## Task description
Everything from the line with "Troglodyte de Latham - ML619110314" to the line with "Hondenharnas Maat L" in the listing below, both lines included, needs to be copied exactly, apart from the pictures.

## Source information
···

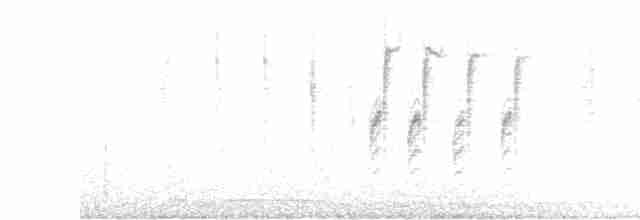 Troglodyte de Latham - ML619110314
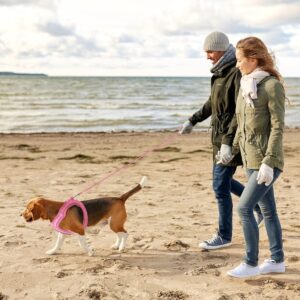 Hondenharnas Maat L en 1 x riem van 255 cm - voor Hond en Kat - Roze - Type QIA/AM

···

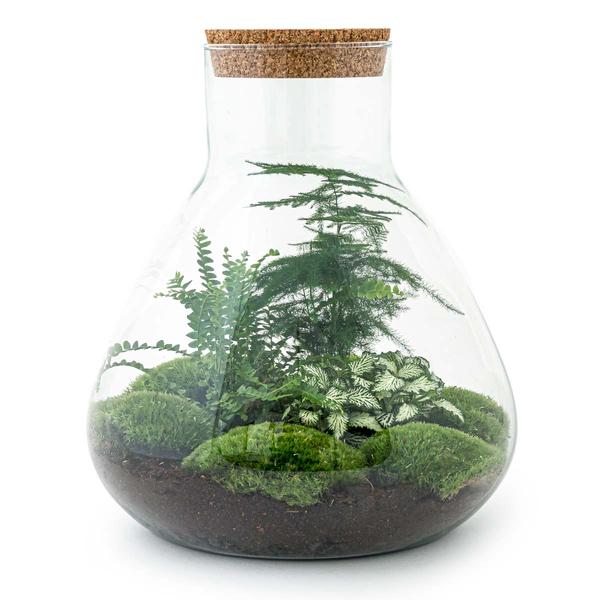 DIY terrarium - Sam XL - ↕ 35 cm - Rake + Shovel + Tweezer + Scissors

···

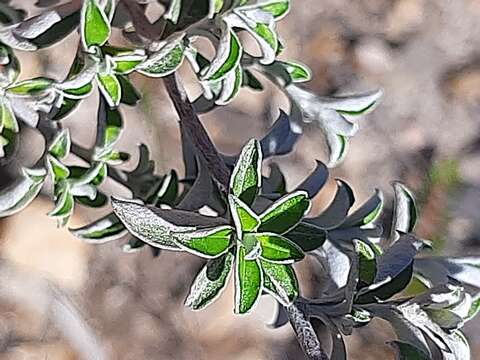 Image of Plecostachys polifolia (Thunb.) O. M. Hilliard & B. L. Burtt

···

## Result of the task
 Troglodyte de Latham - ML619110314
 Hondenharnas Maat L en 1 x riem van 255 cm - voor Hond en Kat - Roze - Type QIA/AM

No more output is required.